Posted on: Tuesday, 30 August 2005, 12:00 CDT

For Korotoum, the fire that killed 17 African immigrants here Friday and laid bare the squalor they lived in was more than an anonymous tragedy: It was an eerie reminder of the perils of her everyday life.

Korotoum and her family live as squatters in a makeshift wooden shack, one of 20 ramshackle habitations inside a former workshop building in northeastern Paris. There is no hot water and only three toilets and two showers for the 68 West Africans who live there. Water trickles down a wall from a leaking pipe.

Like the victims of the fire, most of the squatters have been on the waiting list for subsidized housing for years some since they first illegally occupied the building in 1997.

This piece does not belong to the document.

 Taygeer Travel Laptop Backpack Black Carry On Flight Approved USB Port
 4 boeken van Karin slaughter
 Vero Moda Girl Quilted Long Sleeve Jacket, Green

"From the outside, France is the country of human rights, but the inside is less pretty," said Korotoum, 31, who did not want her full name published for fear her colleagues at work would learn where she lives. "The rights are not for everyone."

Within view of the building is an inconspicuous intersection where the rue de la Liberte, rue de l'Egalite and rue de la Fraternite converge. But the street names celebrating the three pillars of post-revolution France ring hollow for the country's immigrants of African descent as many find themselves deprived of opportunity and stuck in poverty.

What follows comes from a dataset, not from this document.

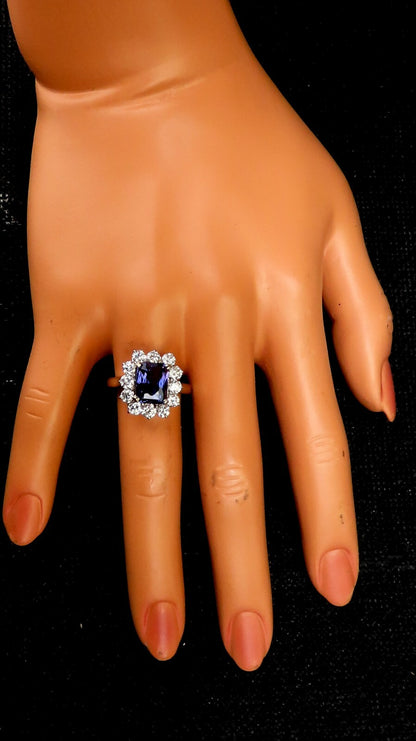 GIA Certified 5.03ct Natural No Heat Color change Purple Violet Sapphire Ring *v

As in many other Western European countries, a complex mix of high unemployment, terrorist fears and a long and sometimes bitter colonial history has fed unease toward immigrants in France. Joblessness among Algerians and Moroccans, the largest immigrant groups, hovered at more than 30 percent, about three times the national average, a study by the Paris-based Montaigne Institute showed two years ago. A significant proportion of them live in suburban ghettos of crime-ridden housing complexes and have little hope of employment or job training. The most vulnerable are those caught in the administrative limbo of provisional housing, as Friday's fire illustrated. Many of the 130 people living in the burned-out building had housing applications pending for 14 years. Meanwhile, they were crammed in a rundown building with aging plumbing and electrical wiring. When they moved in, the city authorities had assured them that they would not be staying longer than three years. That was in 1991.

The survivors of the blaze, which killed 14 children and 3 adults and injured 23, are being housed temporarily in a sports complex and are waiting to be given more permanent accommodation, promised to them after the tragedy.

According to an official at the French Interior Ministry, there are about 1,000 provisional housing facilities in Paris like the one that burned Friday, about a third of which are thought to be unsafe. The ministry will publish a report on the state of Paris's provisional housing by the end of this week, the official said, which could result in the closing of buildings that are deemed unfit.

But in the meantime, the everyday reality remains bleak for many.

In Montreuil, a suburb north of Paris, two women, Assa Traore and Maghou Traore, live with their total of 22 children in a dilapidated house of 60 square meters, or 645 square feet. Cockroaches crawl out of holes in the wall and the front door has a pair of plastic scissors as its doorknob.

Assa, 45, and Maghou, 33, both from Mali, were married to the same man, BouBou Traore, who died in 2004, leaving them with Assa's 16 children and Maghou's six. Each shares a bed with four of her youngest children; the 14 older children sleep in the remaining two rooms. Ever since they arrived in this house in 1993, already with seven children in tow, they have asked the municipalities of Montreuil and Paris for larger housing. BouBou Traore was a street sweeper employed by the city of Paris, but their applications were rejected because it is illegal to have two wives in France.

The women pay 534, or $660, a month in rent for the small house and have not been able to get the city to fix the front door, which will not close. "The door hasn't worked in more than six months," said Assa's 21 year-old son, Brahim.

Immigrant families represent about a third of the 102,748 applications for subsidized housing in the French capital in competition for about 12,000 available apartments, said Jean-Luc Mano, the deputy mayor of Paris who is in charge of housing. They tend to wait longer for subsidized housing and endure more difficult interim living conditions.

According to a study published in 2000 by Insee, France's national statistics office, 28 percent of immigrant applications had been pending for at least three years, almost twice as many as the overall average. And of 2,400 families who were moved out of provisional housing facilities over the past four years because the facilities were considered unsafe and overcrowded, 85 percent were immigrants, Mano said.

"We, the city of Paris, have taken on the responsibility of trying to eradicate unfit housing," he said, pointing out that under the Socialist city government that came into office in 2001, the annual construction of subsidized housing had more than doubled. "Paris is a city that must belong to all populations." When emergency housing is not available, the city turns to basic hotels, such as the Hotel Paris Opera, which burned down in April, killing 24 African immigrants.

According to Patrick Doutreligne, director of the Abbe Pierre Foundation for the Housing of the Underprivileged, immigrant applications take longer in part because immigrant families tend to be larger and harder to accommodate. "What few opportunities still exist, they are turned down because of their names or the color of their skin," Doutreligne said. Outside the gym where the families from the burned building have been housed, Amina Sidibe of the High Council of the Malians of France, a federation of Malian associations, could not contain her anger Saturday. "Fourteen children had to die for these people to get a proper roof over their head," she said. "But what about all the others? How do they expect the children to fit in society, when they have grown up among mice?"